▶ _Work to complete_
Starting at the first line of the data, print every line up to and including the one with "Le prince William, duc", but no pictures.

Stored items from a collection:
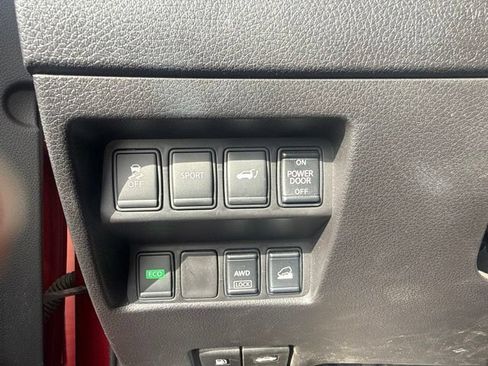 Used 2015 Nissan Rogue SL AWD/4WD image 10
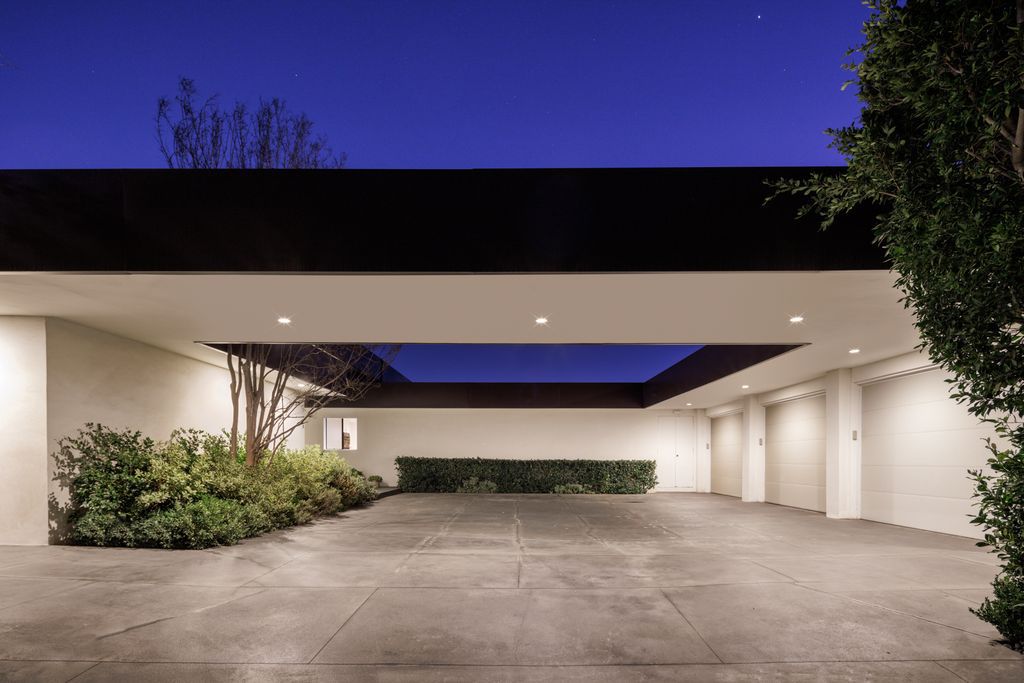 The Beverly Hills Home is a tennis court estate situated on an expansive lot and boasts a noticeable design prowess now available for sale. This home located at 1120 Wallace Rdg, Beverly Hills, California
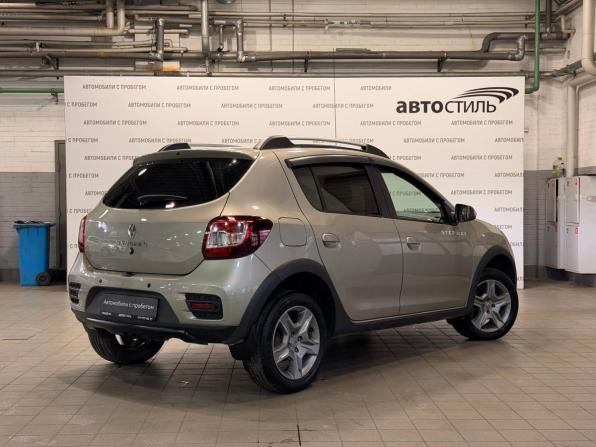 Renault Sandero II Рестайлинг с пробегом 2020 года, цена 1 199 000 рублей, 78539 км, хэтчбек, Автокод Объявления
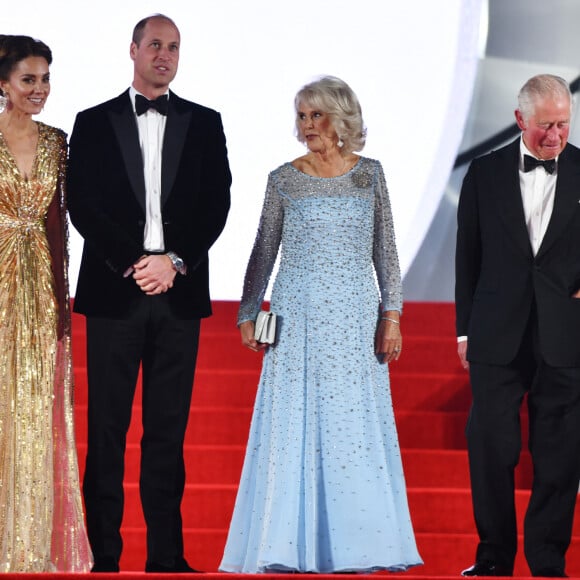 Le prince William, duc de Cambridge, Catherine Kate Middleton, la duchesse de Cambridge, le prince Charles et Camilla Parker Bowles, la duchesse de Cornouailles - Avant-première mondiale du film "James Bond - Mourir peut attendre (No Time to Die)" au Royal Albert Hall à Londres, le 28 septembre 2021. 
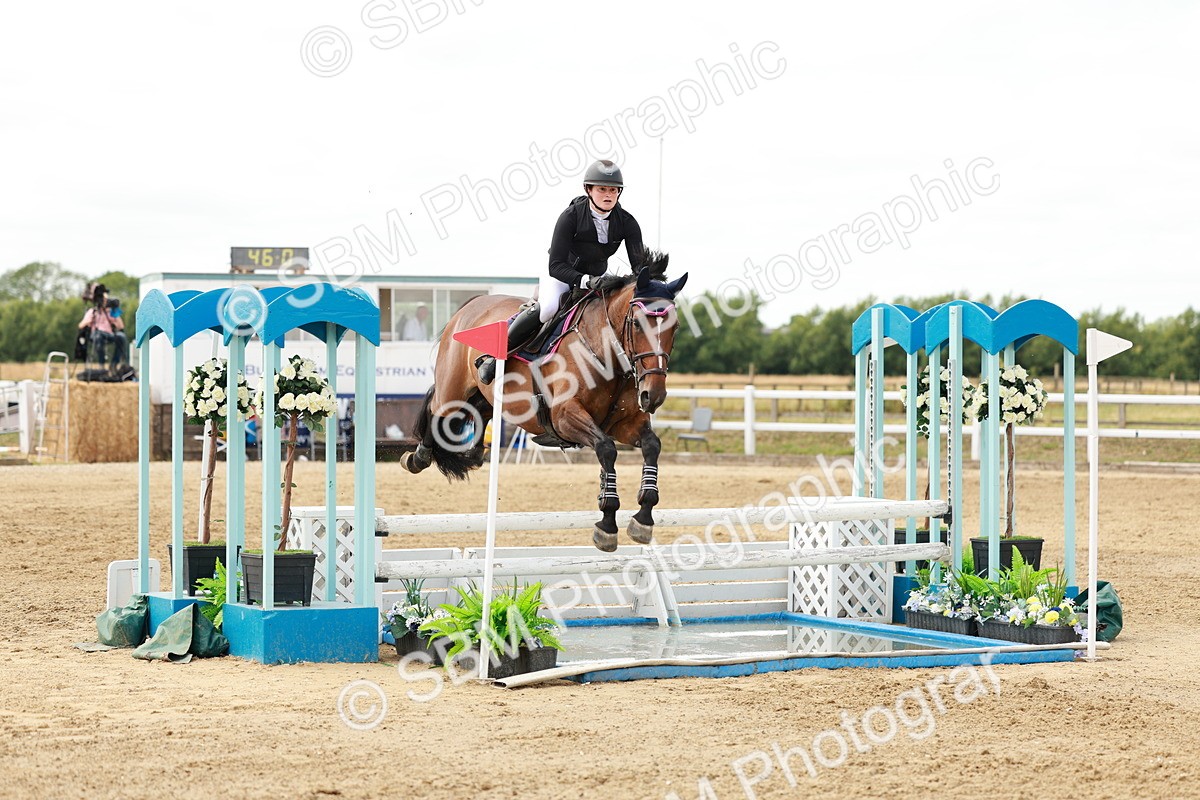 SBM_018809 - Class 21 - Senior Newcomers Championship 2d Rd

▶ _Response to the exercise_
 Used 2015 Nissan Rogue SL AWD/4WD image 10
 The Beverly Hills Home is a tennis court estate situated on an expansive lot and boasts a noticeable design prowess now available for sale. This home located at 1120 Wallace Rdg, Beverly Hills, California
 Renault Sandero II Рестайлинг с пробегом 2020 года, цена 1 199 000 рублей, 78539 км, хэтчбек, Автокод Объявления
 Le prince William, duc de Cambridge, Catherine Kate Middleton, la duchesse de Cambridge, le prince Charles et Camilla Parker Bowles, la duchesse de Cornouailles - Avant-première mondiale du film "James Bond - Mourir peut attendre (No Time to Die)" au Royal Albert Hall à Londres, le 28 septembre 2021. 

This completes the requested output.